Dziko żyjące zwierzęta też boją się huku. TPN apeluje, by nie strzelać w Sylwestra
Władze Tatrzańskiego Parku Narodowego (TPN) apelują do turystów chcących przywitać Nowy Rok w Tatrach, aby nie używali tam fajerwerków. Zwierzęta, również dziko żyjące, są szczególnie wrażliwe na huk petard.
- Spłoszone zwierzęta np. kozice mogą w trakcie panicznej ucieczki ulec śmiertelnemu wypadkowi. Inne, jak niedźwiedzie mogą zostać wybudzone z zimowego snu, co może być dla nich śmiertelnie niebezpieczne - powiedział dyrektor TPN Szymon Ziobrowski.
- Huk wywołuje u zwierząt olbrzymi stres, a nawet ataki paniki, które mogą okazać się groźne dla ich zdrowia i życia. Nie bądźmy egoistami, świat należy nie tylko do nas, ludzi - czytamy w komunikatach i na plakatach rozwieszonych w Zakopanem.

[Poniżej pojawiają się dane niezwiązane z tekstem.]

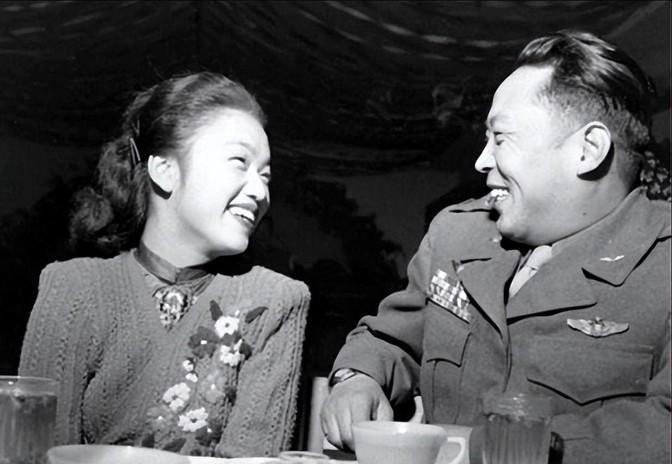 1947年，因张灵甫战败负重要责任的李天霞，在临沂师部被逮捕，并押送至南京候审。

Niedźwiedzie gawry często usytuowane są w bezpośrednim sąsiedztwie schronisk, gdzie zazwyczaj gromadzą się sylwestrowicze. Na terenie parku narodowego bezwzględnie nie wolno odpalać petard. Grozi za to grzywna.
Władze TPN szacują, ze każdego roku noc sylwestrową w Tatrach spędza nawet do 1,5 tys. osób. Sylwestrowicze bawią się nie tylko w schroniskach górskich, ale także na Sarniej Skale, Kasprowym Wierchu czy Giewoncie.